NavList:
A Community Devoted to the Preservation and Practice of Celestial Navigation and Other Methods of Traditional Wayfinding
From: Frank Reed
Date: 2021 Nov 14, 09:43 -0800
This is off-topic, but I hope some of you appreciate it.
Glen deVries was killed in a light plane crash in northwestern New Jersey on Thursday afternoon. You may have heard his name "in the news" last month. Glen fulfilled a lifelong dream when he flew in space for ten minutes just a month ago on a Blue Origin "New Shepard" flight. The New York Times has a good article on his life and death (*).
I can affirm that flying in space was a lifelong dream for Glen because I knew him. He was a student of mine at the Fieldston School in the Bronx, New York City back in the 80s. I remember launching model rockets with him and a few other science fans one afternoon after school. Glen's family, who were relatively wealthy, hired me to tutor him once a week for two years in whatever science topics I thought appropriate. We did "rocket science" and numerical integrations on his computer (I believe it was a well-equipped Apple IIe back then). We ran simulations of the "rocket equation", and I remember he was impressed by the implications. We even did "three-body problem" computations.
Around fifteen years ago Glen created a whimsical website, IsGlendeVriesInSpaceRightNow.com, when private "space tourism" flights became available. That website finally declared "yes!" on October 13 last month when he, and William Shatner --the original "Captain Kirk"-- at his side, launched into suborbital space. The website is still open, and he posted to it (actually auto-posted from his Twitter account) just a day or two before he died.

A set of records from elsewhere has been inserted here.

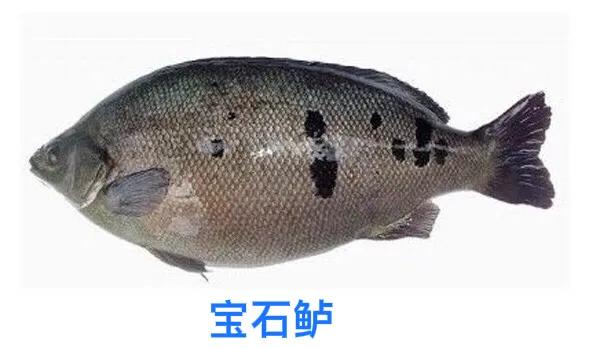 澳洲金鲈鱼,澳洲银鲈鱼好吃吗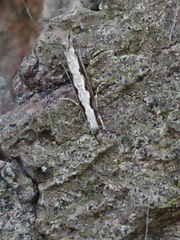 Erechthias fulguritella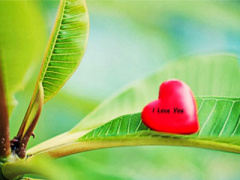 Ảnh bìa bài viết 345774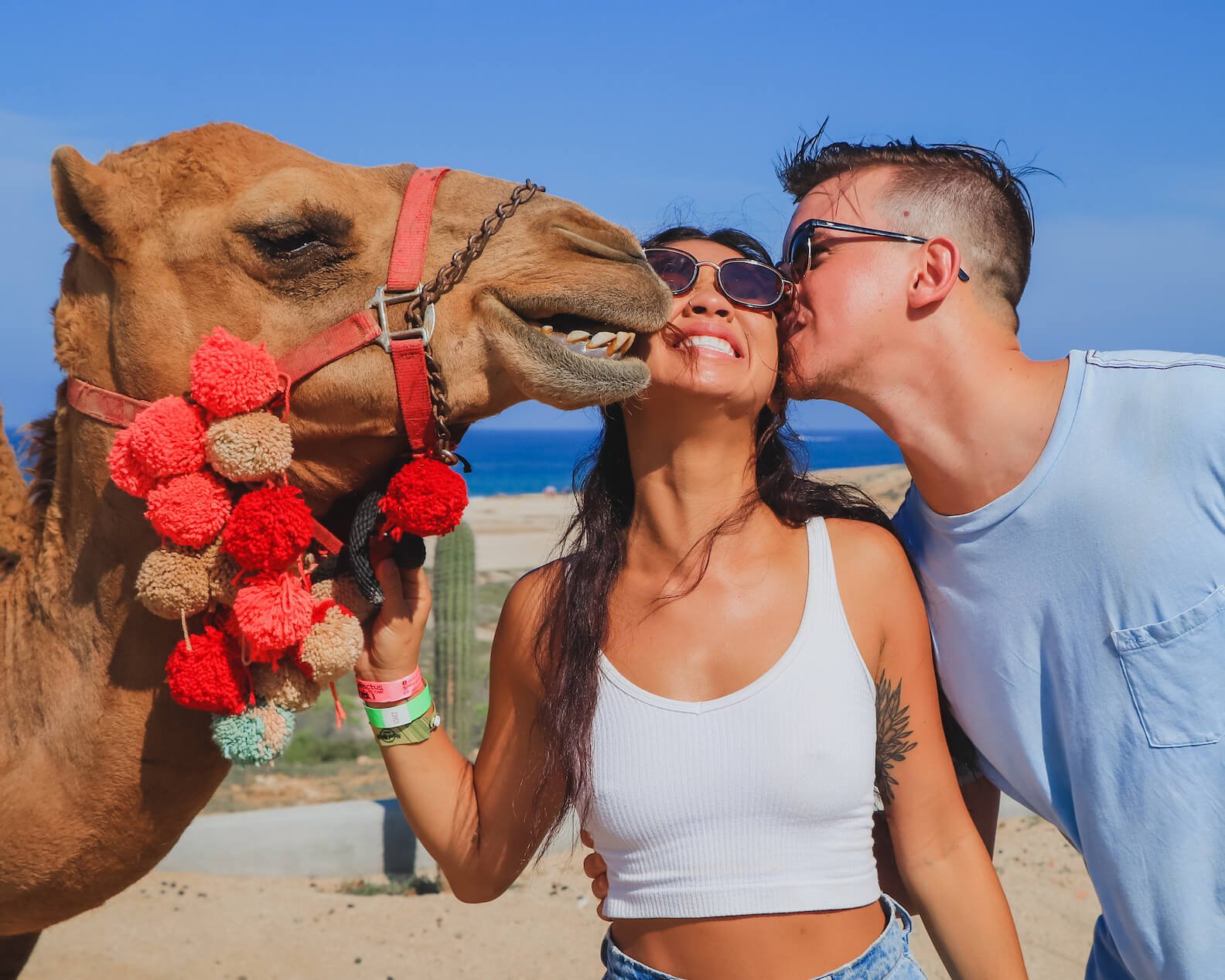 Sex In Cabo San Lucas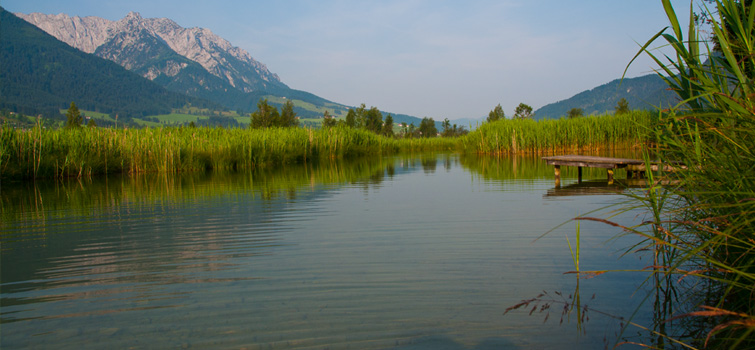 Walchsee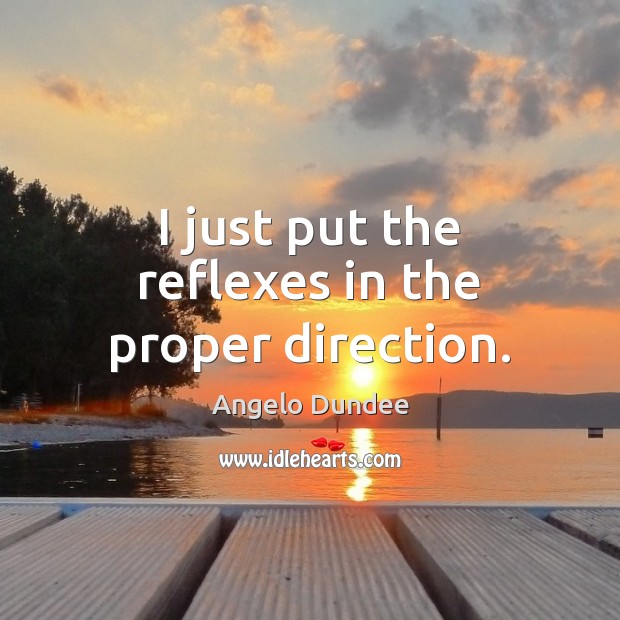 I just put the reflexes in the proper direction. Angelo Dundee Picture Quote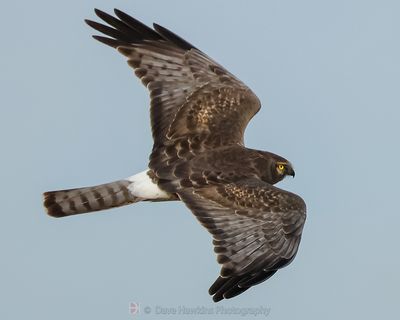 NORTHERN HARRIER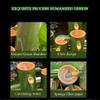 UNbit Bamboo Feng Shui Water Fountain Outdoor Japanese Garden Feature Spout and Pump, Garden Handmade Fountain Sculptures Statues Arts Crafts Flowing Waterfall,30cm Fountain, 40cm view 3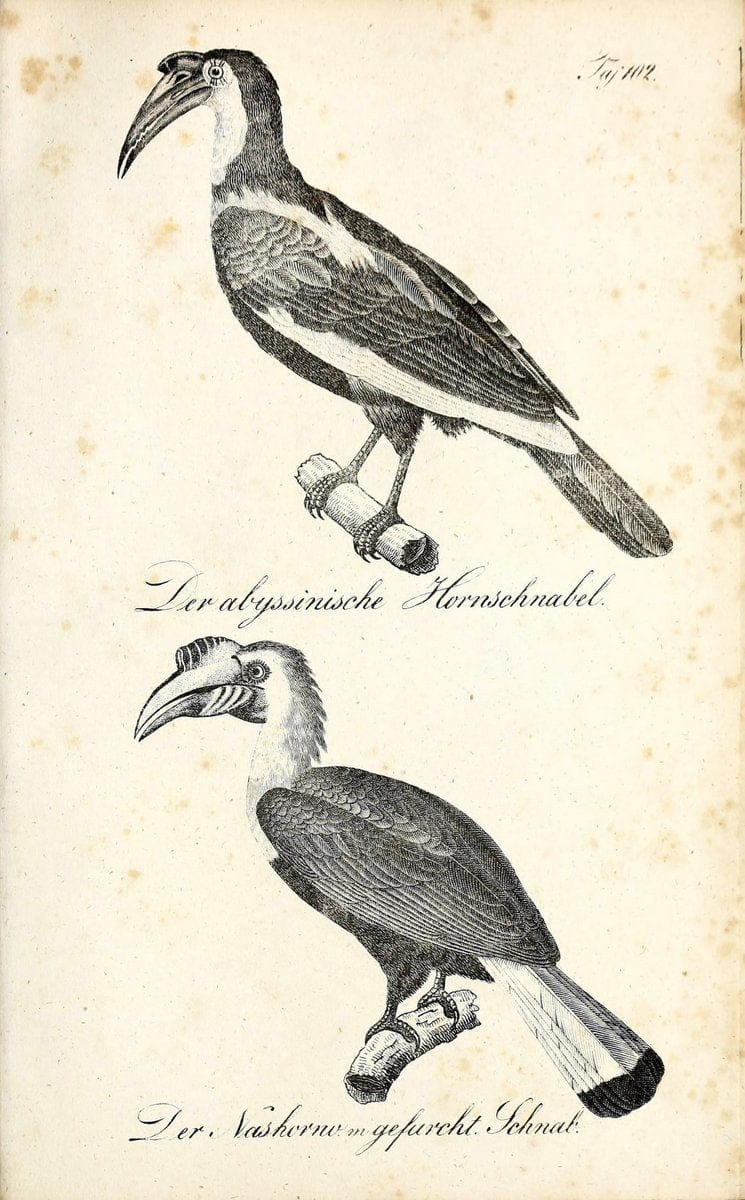 Die Naturgeschichte in getreuen Abbildungen und mit ausfuÃŒË†hrlicher Beschreibung derselben. Leipzig :bei Eduard Eisenach ;1835.  | Birds "Pictorial works"  | Vintage Print Reproduction 471983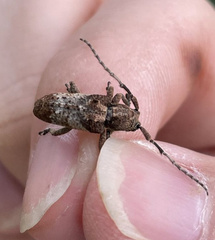 Pterolophia annulata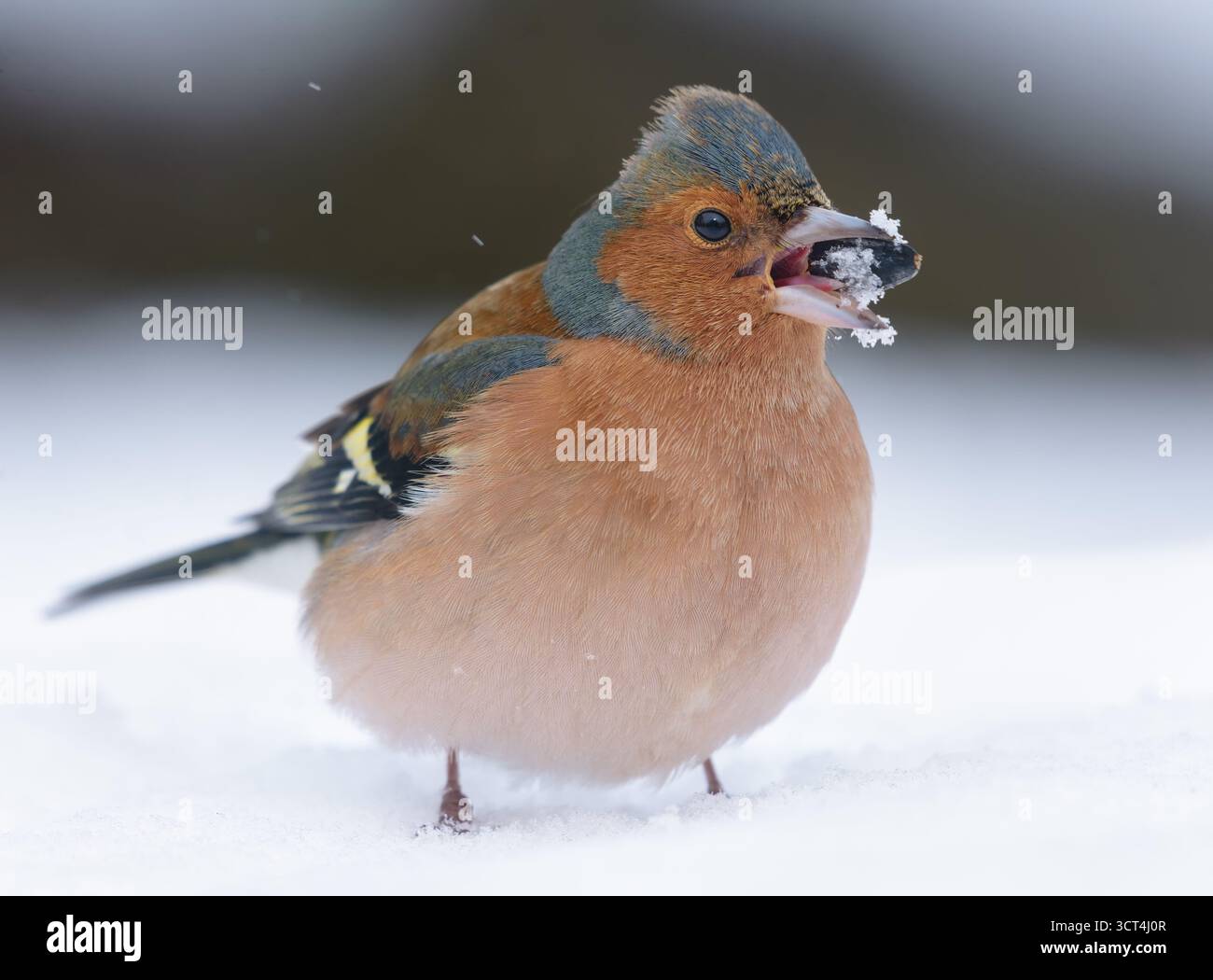 Männliche Kaffinchen (Fringilla coelebs) ernähren sich von Sonnenblumenkernen durch sehr raue Winterkälte Stockfoto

So very tragic, shocking, unbelievable to hear this news. Glen went on to become a molecular biologist and founded a major medical data company. He was a good kid when I knew him. Although we exchanged a couple of messages in recent years via Facebook, I couldn't claim that I knew him as an adult. But the interviews that I saw and read before and after his brief space flight demonstrated that the "good kid" had become a good man. So sad...
Frank Reed
Clockwork Mapping / ReedNavigation.com
Conanicut Island USA
* The linked PDF copy of the NYT article will be available for 24 hours only.